Der Teil des Programms, der mit anhand dieser Verteilung für diskrete Werte (Ganze Zahlen von 0 bis 20) Häufigkeiten berechnet funktioniert auch ohne Probleme.

Was jetzt mein Problem ist: Wie kann ich mit Hilfe von VBA das Integral für diese diskrete Werte berechnen?
Oder ist es nur möglich, die Einzelwerte, die ich durch die Verteilung erhalte, aufzusummieren?

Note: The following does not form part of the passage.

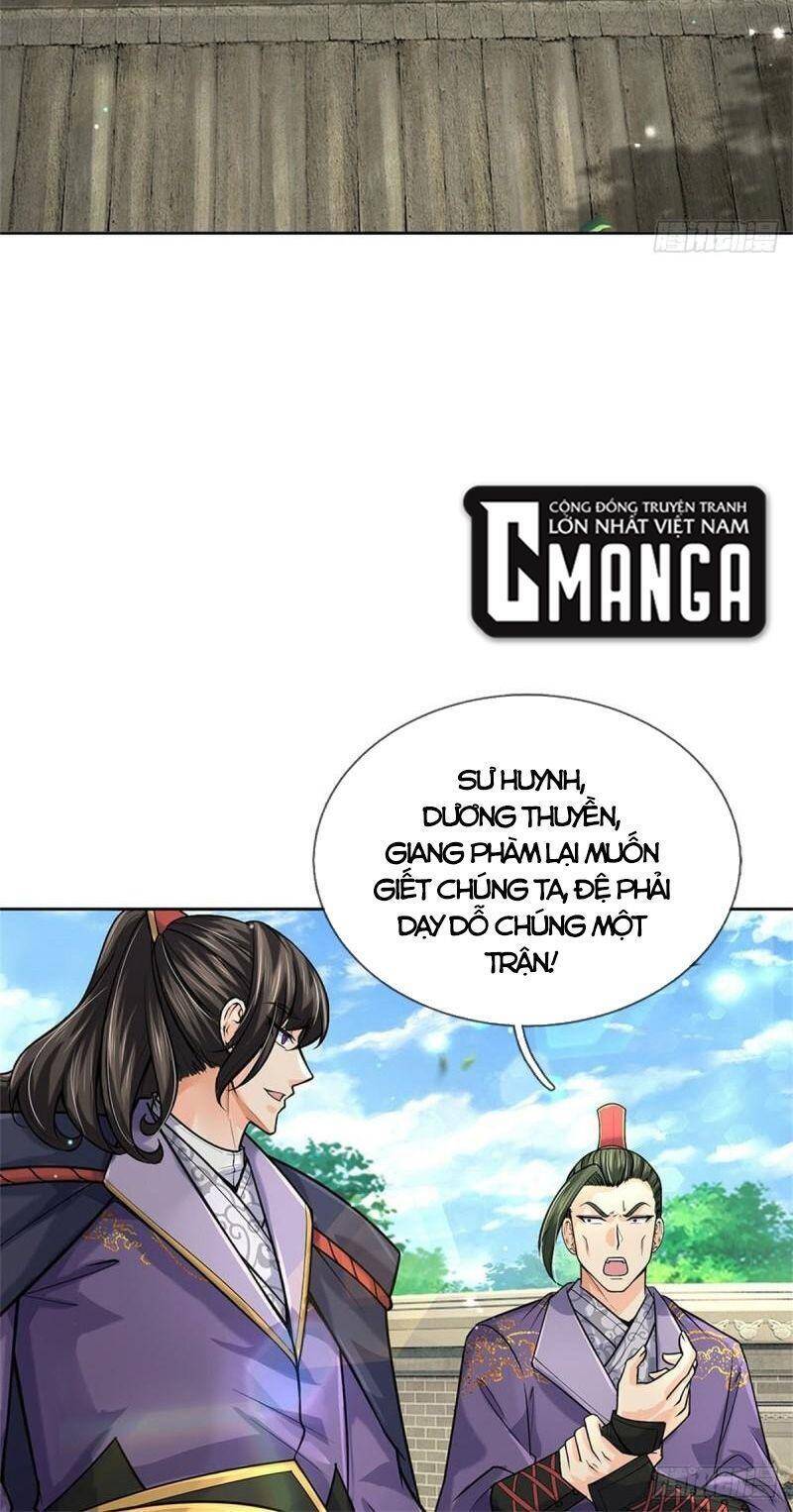 Chúa Tể Chi Lộ Chapter 116 - 19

Gruß und schönen Sonntag noch

metalstore


----------



## flotus1 (11. April 2016)

Dein Stichwort lautet (vermutlich) numerische Integration. Numerische Integration – Wikipedia
Gibt es denn sonst gar keine Vorgaben?


----------



## metalstore (11. April 2016)

danke erstmal für den Link, hat mir schon mal gut weitergeholfen, besonders die Monte-Carlo-Integration 

gegeben war erstmal nur die Weibull-Verteilung und zwei ortsbezogene Konstanten.
die erste Aufgabe war/ist dann, ein Programm zu schreiben dass für diskrete Werte ein Ergebnis tabellarisch ausspuckt, so weit, so gut

Dann kam der Hinweis, dass wenn eine gleichverteilte Zufallszahl aus dem Intervall [0,1] in die Umkehrfunktion des Integrals der Weibull-Verteilung eingesetzt wird, dass man dann eine Zufallszahl y erhält, die nach F(x) verteilt ist

Die zweite Aufgabe ist dann, ein Programm zu schreiben, dass diese Integralfunktion erstellt
die dritte Aufgabe ist dann, ein Programm zu erstellen, dass die nach F(x) verteilte Zufallszahl y ausgibt und man soll anhand von 100.000 gleichverteilten Zufallszahlen überprüfen, ob die Verteilung eingehalten wird

das war der Teil, der mir Kopfzerbrechen bereitet hat, denn ich konnte die Funktion f(x) nicht nach den "normalen" Integrationsregeln, die mir bekannt sind, integrieren

ich probier es später mal aus, ob ich mit der Monte-Carlo-Integration das hinbekomme und gebe dann nochmal Rückmeldung 

Und danke nochmals


----------



## flotus1 (11. April 2016)

Auch wenn ich selber ein viel für Monte-Carlo Methoden übrig habe, der "normale" Ansatz den ich hier empfehlen würde um mit mäßigem Programmier- und Rechenaufwand zu einem möglichst exakten Ergebnis zu kommen ist die Trapezregel oder die Simpsonregel.


----------



## metalstore (11. April 2016)

ok, danke für den Tipp 

P.S.: ich glaube, ich hatte kein Brett, sondern ne Bleiwand vorm Kopf:
Weibull-Verteilung – Wikipedia

hier wird die Verteilungsfunktion sogar angegeben -..-  
damit kann man sich den Rest wohl sparen

Tut mir leid, dass ich das nicht früher gesehen und dir den Aufwand erspart habe :/


----------